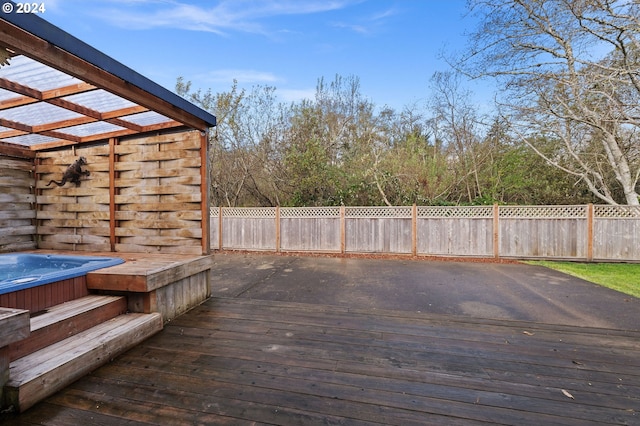 deck featuring a hot tub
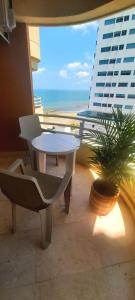 una mesa y sillas en un balcón con vistas al océano en Cabrero Beach 1111, en Cartagena de Indias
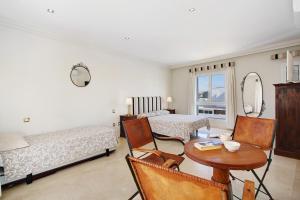 a living room with a table and a bed and a room with a mirror at Preciosa Casa En Lanzarote in Tahiche +21 photos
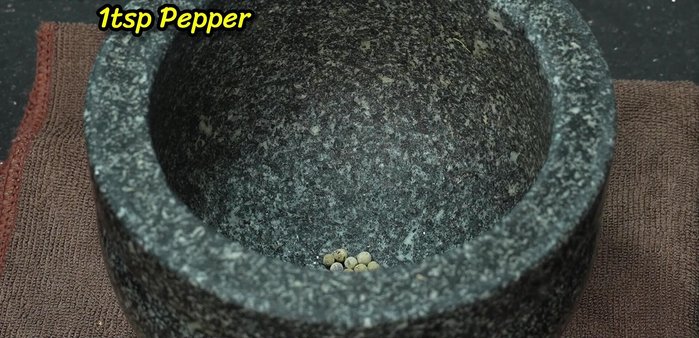 Pound garlic, chili peppers, and peppercorns (or Thai chili powder) in a mortar and pestle. Add a little water to create a paste.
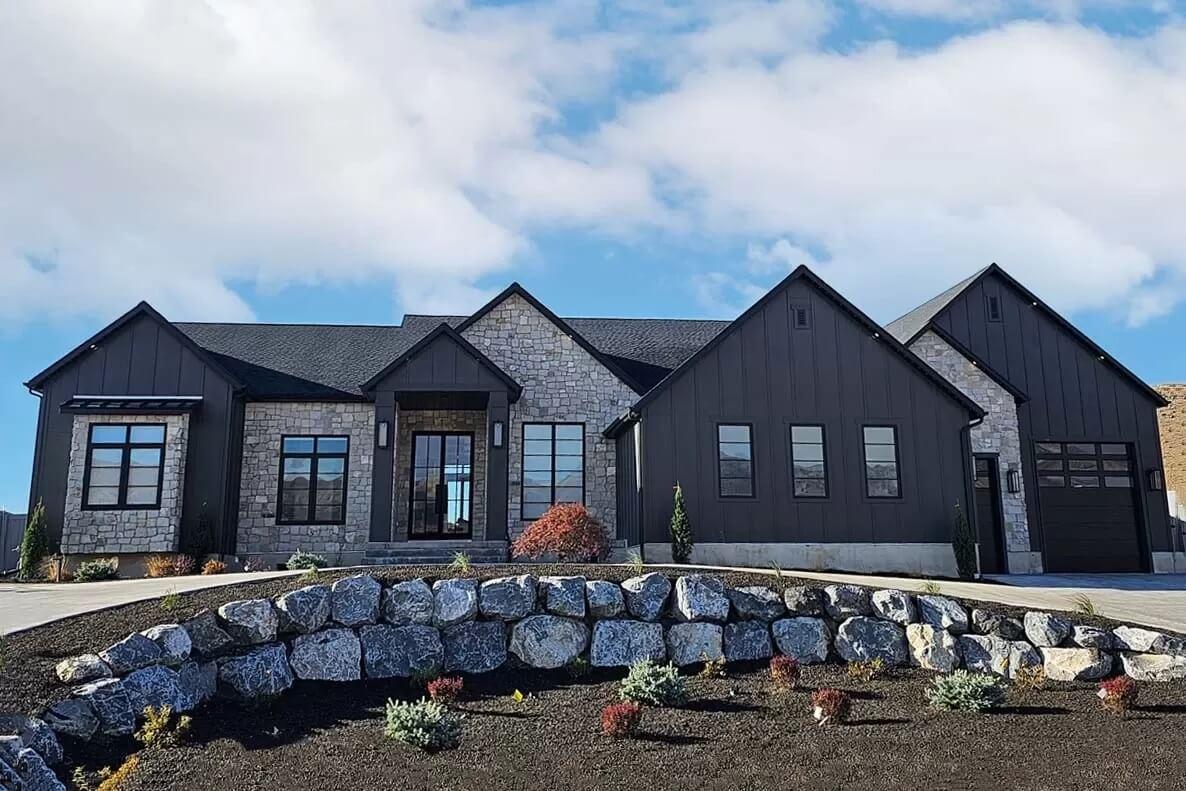 Modern Farmhouse with Striking Stone Facade and Dark Trim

-=-=-=-=-

## PROBLEM STATEMENT:
Output every entry above exactly as written, but omit the pictures.

## TASK OUTPUT:
 deck featuring a hot tub
 una mesa y sillas en un balcón con vistas al océano en Cabrero Beach 1111, en Cartagena de Indias
 a living room with a table and a bed and a room with a mirror at Preciosa Casa En Lanzarote in Tahiche +21 photos
 Pound garlic, chili peppers, and peppercorns (or Thai chili powder) in a mortar and pestle. Add a little water to create a paste.
 Modern Farmhouse with Striking Stone Facade and Dark Trim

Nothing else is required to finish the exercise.